Читаем Наперекор судьбе полностью

Немцы с ожесточенной неутомимостью обстреливали Англию, посылая сотни ракет. Их научились узнавать по характерному звуку двигателей, который вблизи цели превращался в басовитое прерывистое рычание. Если звук пропадал, все знали: не успеешь досчитать до пятнадцати, как последует взрыв. Путь немецких «гостинцев», направленных на Лондон, пролегал как раз над тем местом, где находилась зенитная часть Барти. Этот невидимый воздушный коридор окрестили Аллеей Фау. Налеты на Лондон, о которых начали забывать, возобновились и имели теперь совершенно иной качественный характер. Только за июнь от «Фау-1» погибло свыше пяти тысяч мирных жителей.

Новая угроза бросила вызов им всем, за что Барти где-то была даже благодарна. Разумеется, не крылатым ракетам, а предельной сосредоточенности, необходимой для борьбы с ними. Боевая обстановка заставляла ее забывать обо всем и спокойно делать свое дело. К тому времени, когда худшее осталось позади, Барти знала, что беременна, и это существенно сгладило остроту ее горя.

* * *

Много лет спустя она была вынуждена признаться, что у них с Лоренсом не получилось бы счастливой совместной жизни. Он так и остался бы отчаянным эгоистом, который с маниакальным упорством осуществляет все свои прихоти. Привыкший жить в собственном иллюзорном мире и впадать в депрессию от столкновения с реальностью, он вряд ли изменился бы. Их совместная жизнь довольно быстро стала бы невыносимой, превратилась в совместную пытку. Но в сорок четвертом году Барти была слишком одержима Лоренсом и своей любовью к нему, и такая мысль показалась бы ей кощунственной.

Она впадала в ярость, плакала, иногда даже кричала от горя. Парфитт, оказавшаяся ее самой близкой и верной подругой, стойко это выносила. Она часами выслушивала Барти, уводила ее на прогулки. Иногда, не выдерживая, Парфитт тоже кричала на нее, напоминая, что она не единственная, кто потерял любимого человека. Только в их лагере таких было еще трое. Но грубоватая Парфитт умела нежно заботиться о ней, подменяла ее, когда Барти тошнило или начинались сильные головокружения.
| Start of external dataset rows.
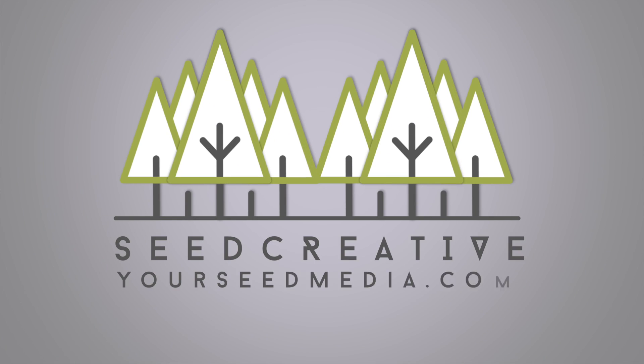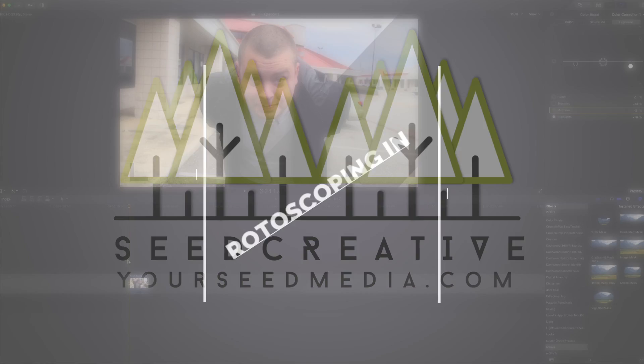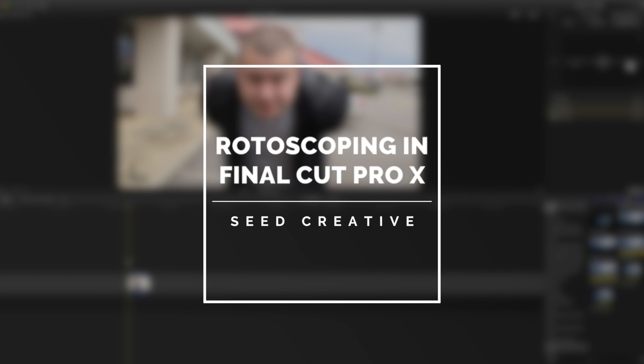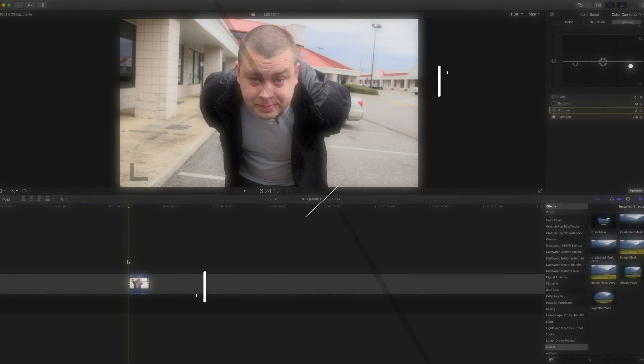What's going on everybody, this is George Edwardson with Seed Creative. Just want to do a tutorial on rotoscoping in Final Cut Pro 10. Of course there are plenty of other programs out there this may be a little easier on, but maybe you only have Final Cut Pro 10 and you can definitely rotoscope in Final Cut.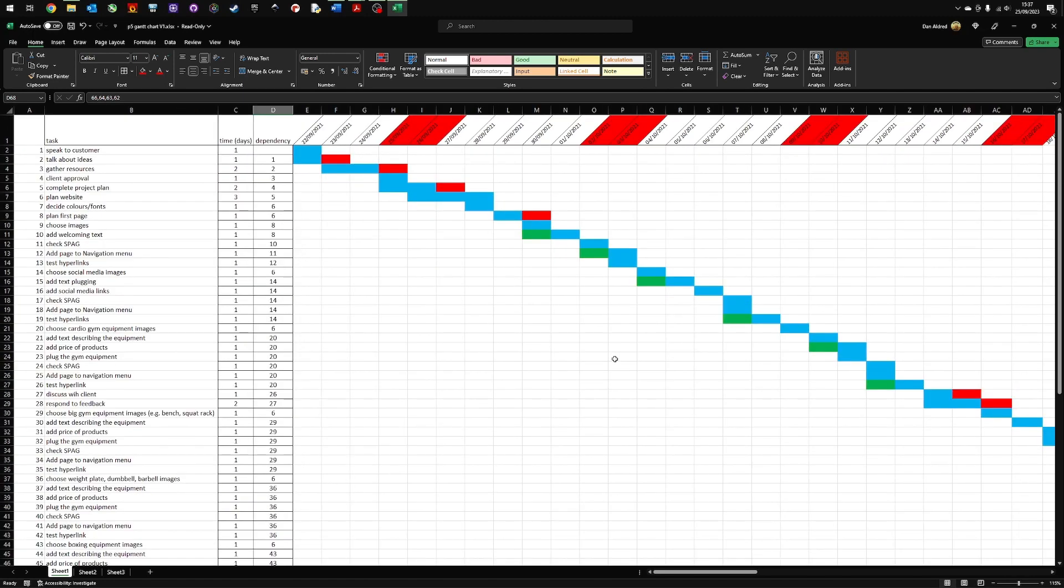So this is P4, produce a project plan. And remember, this is a Gantt chart and you don't have to create a Gantt chart. You can use other methods that are in the syllabus. This is just one example, one way that you can provide the evidence.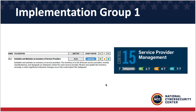Looking through the implementation groups, we have IG-1. You want to know who you have a relationship with. Maintain an inventory of service providers — internet service providers, data storage, customer relationship management, different platforms within your local government departments, accounting platforms, and similar things. Just know what you're working with.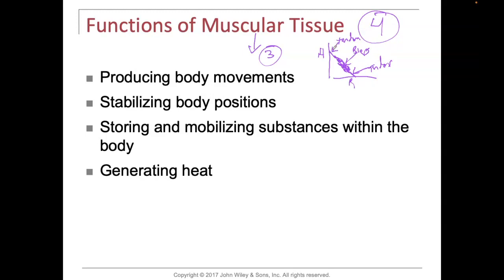There's typically a proximal tendon and a distal tendon. The proximal tendon is what we call the origin, and the distal tendon is typically what we call the insertion. So we have origins and insertions of muscles. The origin is the more proximal attachment, and the insertion is the more distal attachment. Muscles attach to bones by way of tendons.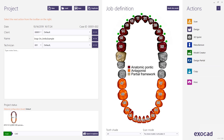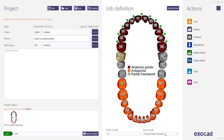For the last tooth I select the partial framework work type, which makes it easier for the software to understand what's going on. I also activate the virtual articulator in this case. Now I can go directly to the design.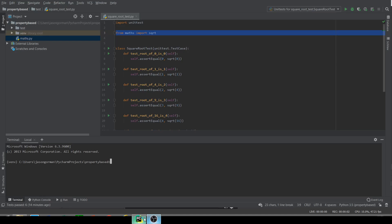Hello there, it's Jason Gorman from Codemanship with a video on refactoring unit tests to property-based tests in Python. I'm going to be illustrating this with an example for some tests that I use to test drive an algorithm for calculating square roots. I'll just show you the algorithm here.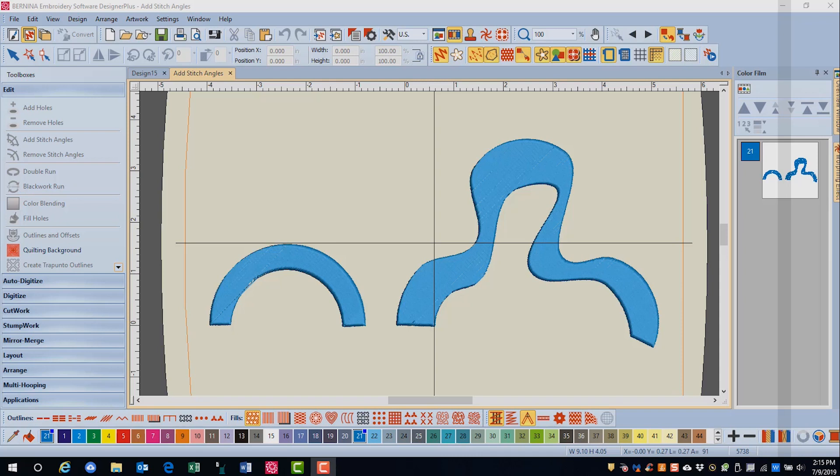There are times when you will want to change the angle of an object to multiple angles. This will be especially important when you work with satin fills because you want the angle of the stitches to turn as the object changes its shape. This avoids long floats in stitches that would snag. This is also important with satin lettering.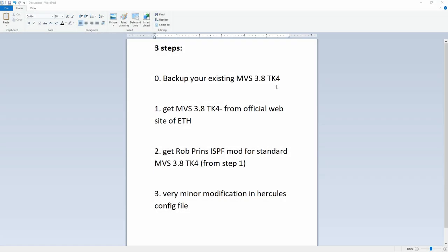In this video I'll show you how to get this up and running in no more than maybe four or five minutes. Before I show you how to get this all up and running, I want to quickly show you the steps that are needed. Through the miracles of computer science, there's only three steps, but of course we start from zero. First of all, you need to back up your existing MVS 3.8 TK4 if you have one with your own data. I have a lot of data on my TK4 instance, so if you don't back that data up, it will be lost in the next three steps.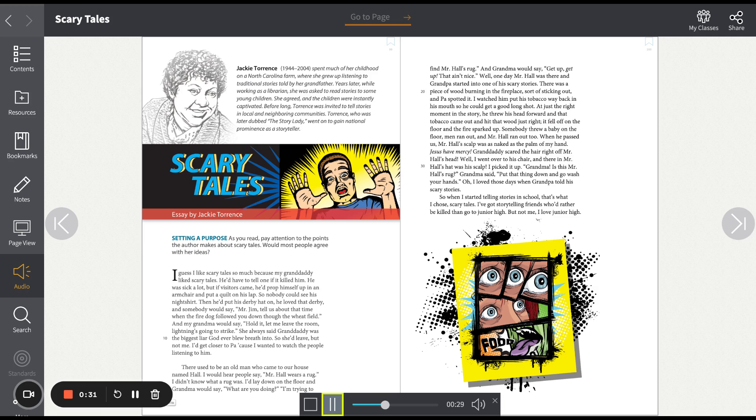And somebody would say, Mr. Jim, tell us about that time when the fire dog followed you down through the wheat field. And my grandma would say, hold it, let me leave the room. Lightning's going to strike. She always said granddaddy was the biggest liar God ever blew breath into.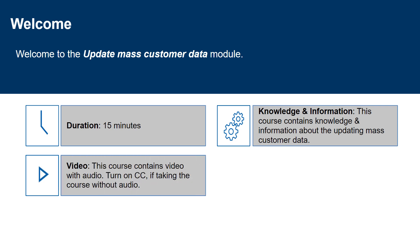This course contains video with audio. Turn on the closed captions if you are taking the course without the audio.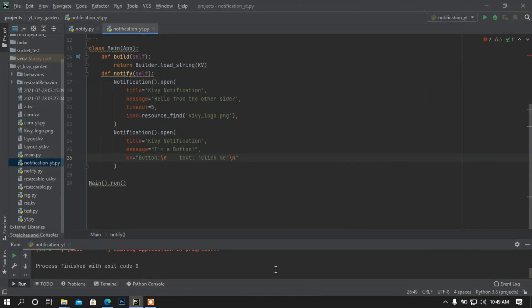Hey, what is up people, this is Aston back again with another video. In this video I am going to show you how to make dynamic notifications in your Kivy app.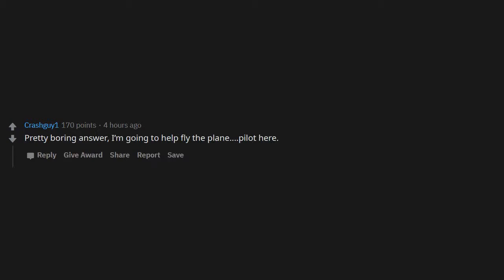Pretty boring answer: I'm going to help fly the plane. Pilot here. He just realized his taxes are due tomorrow.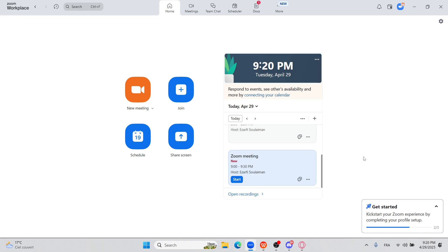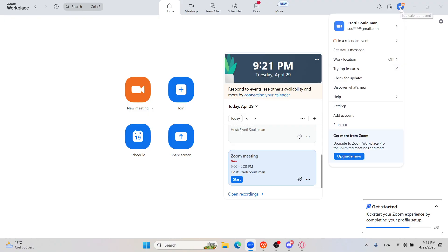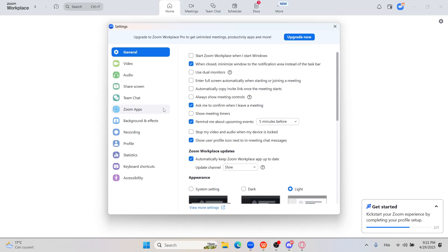Once you are logged in, click on 'My Account' at the top right corner. Then go to Settings, and in the left-hand menu, click on Recordings.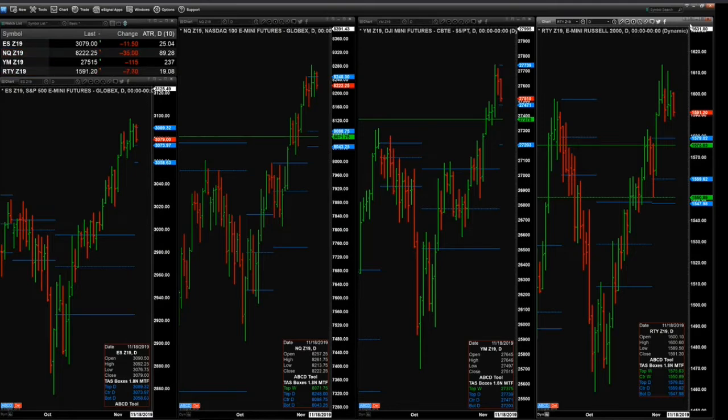It would be a close below the bottom of that profile — 3058, should it form — that would then signal to you and I that there would be a change in trend.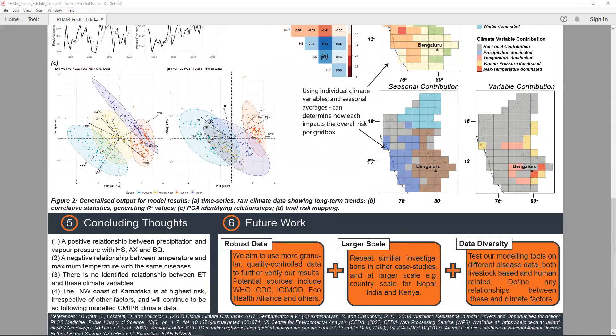In the future, we would like to repeat this investigation using more granular datasets, working with individual organisations such as the WHO and the CDC into larger, more automated projects. Thank you for your time and please, if you have any questions, feel free to contact me — my details are on this poster. Thank you.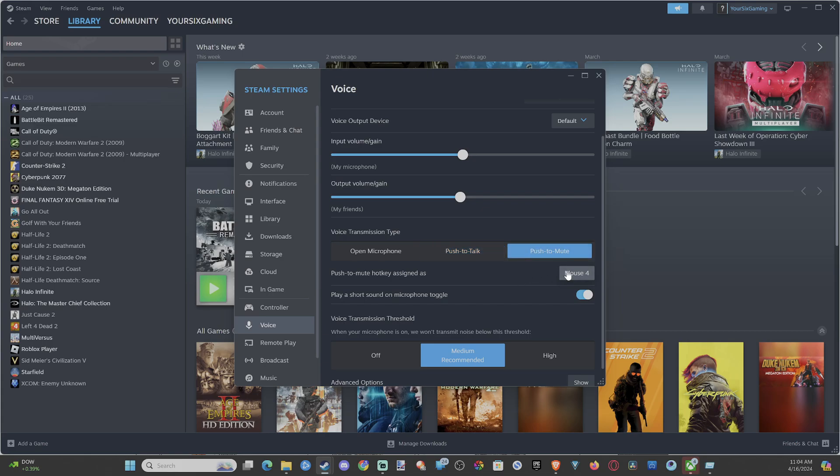Otherwise, you have push to mute. Same thing. So you're going to have to press mouse button four, and it's going to stay open until you close it. With push to talk, you have to hold down that mouse button four until you let go.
Понимая, что дальше может быть только хуже, Парфитт, невзирая на все просьбы Барти, сообщила командованию о беременности сержанта Миллер и попросила удалить ее с передовой.

Узнав об этом, Барти наорала на нее, расценив это как предательство.

– Прости меня, Миллер, но сейчас ты для нас только обуза, а нам надо войну заканчивать. Сама понимаешь: либо воевать, либо пузо растить.

Через какое-то время, успокоившись, Барти извинилась за свою вспышку. У них было свободное время до вечера. Они лежали в поле и смотрели на стаю аэростатов, покачивающихся над вишнями.

– Прости меня, – сказала Барти, приподнимаясь на локте и беря Парфитт за руку. – Я не должна была так себя вести. Ты совершенно права… Ну как, прощаешь меня?

– Да что уж там, – радостно отозвалась Парфитт. – Только руку мою выпусти, а не то кто-нибудь подумает, что мы с тобой милуемся, как две лесбияночки.

* * *

Барти вернулась в свой лондонский дом. Ей было больше некуда возвращаться, если не считать Эшингема. Но она не могла заставить себя появиться там. Пусть пройдет время.

Войдя в дом, где во всем ощущалось присутствие Лоренса, Барти зашаталась, словно ее ударили. Она опустилась на стул и взяла письмо, которое было прислонено к последнему подарку Лоренса – старинным французским дорожным часам с расписными боковыми стенками. «Пусть они отсчитывают время нашей совместной жизни, – писал Лоренс. – Знаю, мы часто об этом говорили, но на тот случай, если у тебя вдруг появятся сомнения, помни: я люблю тебя сверх пределов возможного. Береги себя, слышишь? Ты мне нужна. Лоренс».

Она сидела, держа в одной руке письмо, а в другой – часы, плакала и думала. Как получается, что у человека все может разрываться от душевной боли, но это не прекращает его физического существования? Затем она решительно напомнила себе, что не имеет права на подобные мысли. Даже сейчас она наряду с горем испытывает удивительное, ни с чем не сравнимое ощущение. Казалось, у нее в животе порхает маленькая осторожная птичка. Порхания прекратились и вскоре начались снова. И Барти вдруг поняла, что́ это. Это был ее ребенок, ребенок Лоренса, исследовавший пространство материнского чрева. Барти смотрела на все еще плоский свой живот, испытывая легкий шок и удовольствие. Первое удовольствие за минувшие четыре месяца… В дальнейшем она не всегда хорошо себя чувствовала, но таких душевных мук, как прежде, больше уже не было.